Derek Jeter Discusses Project Wolverine Plan For Miami Marlins



Miami Marlins CEO and part-owner Derek Jeter has taking a beating publicly since taking over the team as fans have slammed the new regime for their cost-shedding moves.

However, Jeter sees the franchise becoming profitable as soon as this season, according to documents obtained by the Miami Herald.

Project Wolverine, a nod to Jeter’s native Michigan, is Jeter’s attempt to prove to potential investors that the franchise will turn a profit immediately.


Decreased payroll coupled with increased revenue from ticket sales, corporate sponsorships and a revamped local TV deal, as well as a one-time payout of $50 million that each MLB franchise will receive this season, will carry the moribund franchise to profitability, according to the Miami Herald’s report.

The Marlins have shed $36 million from their 2018 payroll in the 1st phase of Project Wolverine.

“I can’t sit here and say trust me,” Jeter told Marlins fans during a heated and emotional town hall meeting back in December.

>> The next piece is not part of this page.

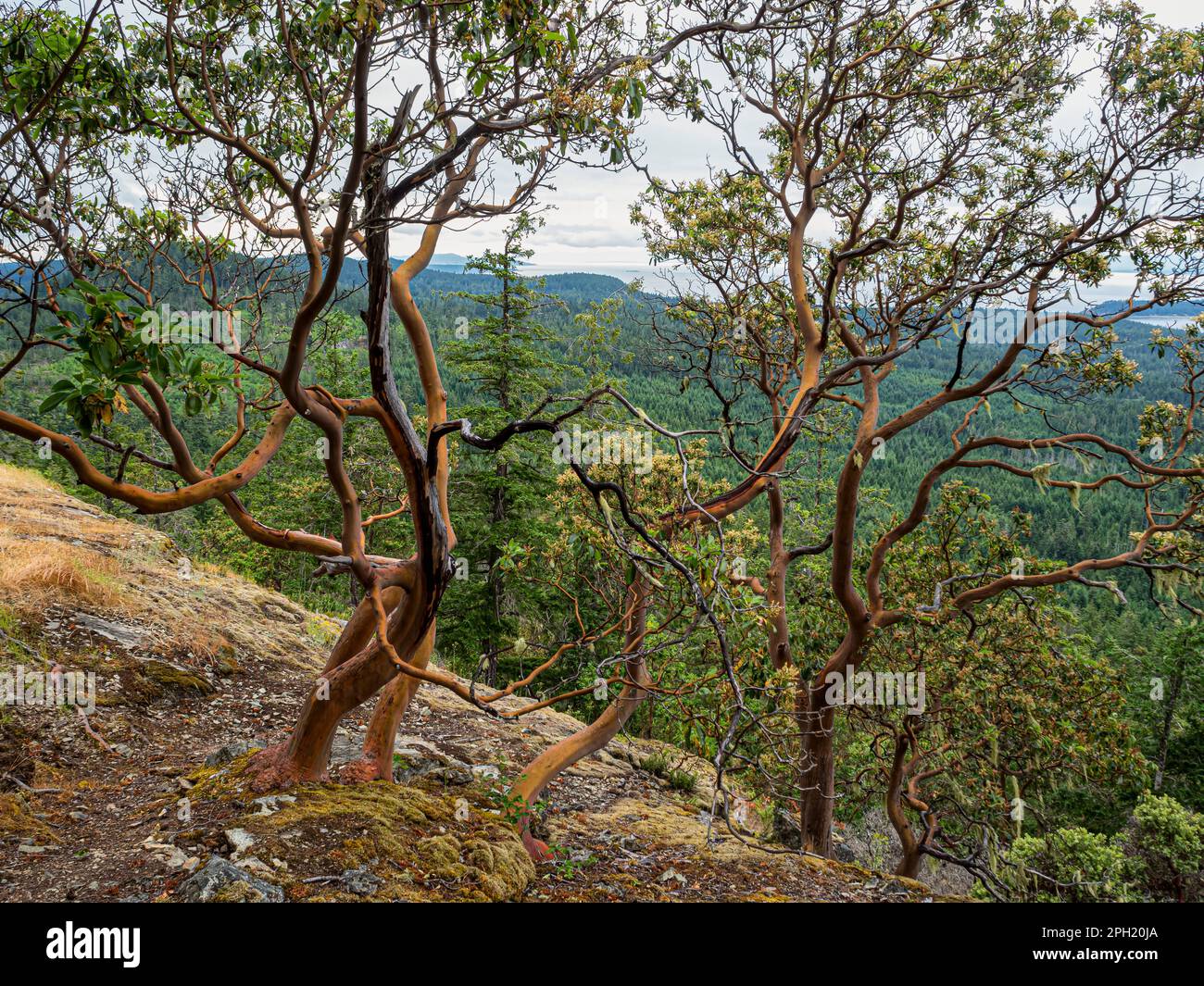 BC00670-00...COLOMBIE-BRITANNIQUE - arbres de madrone du Pacifique sur le bleu de Manzanita, surplombant le détroit de Georgia depuis le sentier de la Sunshine Coast. Banque D'Images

“You don’t know me. You earn trust over time. I know how organizations are sustainable over time. I know you have been through a lot. I can’t relate to it. It’s going to be a tough road. It’s going to take time and effort.”

The Herald outlines a number of hurdles that may stand in the way of Jeter’s lofty goals.

“We are going to invest in building this organization the right way so we can, year in and year out, be able to compete,” Jeter said back in December.

“We are trying to fix something that is broken.”